De pronto los caramelos y los chocolaticos me parecieron un despropósito.

Si vas a celebrar esta fiesta con niños, puedes acompañar a tus hijos, sobrinos, ahijados o hijos de tus amigos a recolectar las chupetas en las casas de los vecinos, porque hacer eso es lindo y divertido para los chiquitos. Pero tú que ya eres grande y puedes tomar este tipo de decisiones, aprovecha la fecha, disfrázate de hormiga y toca la puerta de la casa de La Trinidad a recolectar tu pedido de gloria.

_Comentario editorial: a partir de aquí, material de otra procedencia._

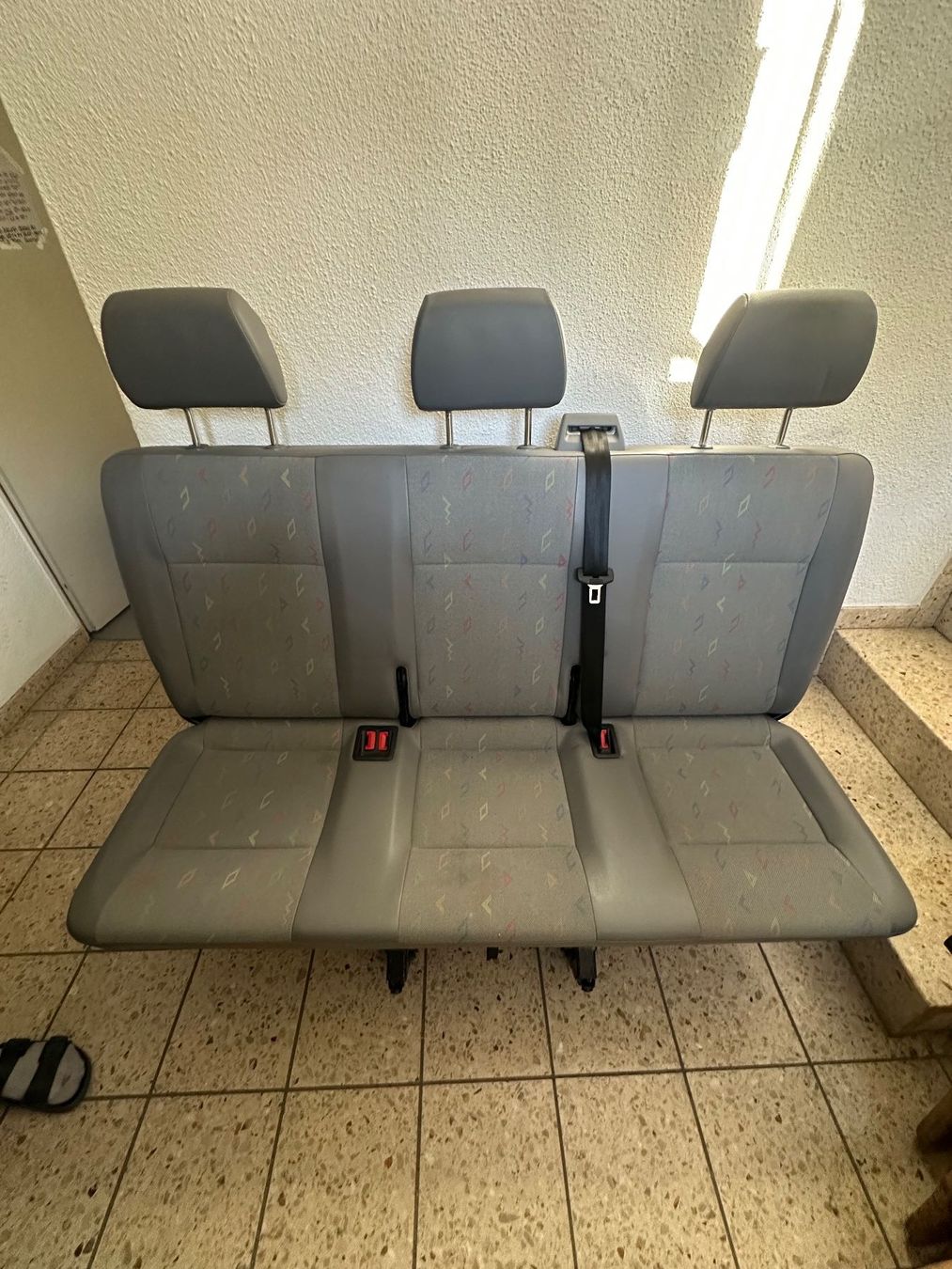 Volkswagen Tutti i ricambio: VW T5 Dreiersitzbank – Usato da Buchs AG venduto da lucazubi7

Es importante que sepas que Cacao Al Cubo tiene sus ricuras en varias tiendas de Caracas: El Mercadito Gourmet, Fresh Fish y un par más, por si andas lejos de La Trinidad o si prefieres hacer tus compritas de una manera tradicional.

Quédate pendiente de sus redes para que te enteres, que ellos siempre comparten información de establecimientos donde están, de horarios y hasta de su delivery (sí, te llevan la merienda a tu casa).

Caracas se ha vuelto una ciudad de sabores, de sorpresas, de gente linda con buenas ideas que se ejecutan bellamente. Caracas se ha vuelto el lugar para reinventar las meriendas y ¿por qué no? Para reinventar Halloween.

Caracas, feliz día del chocolate chocolatoso, este 31 de octubre.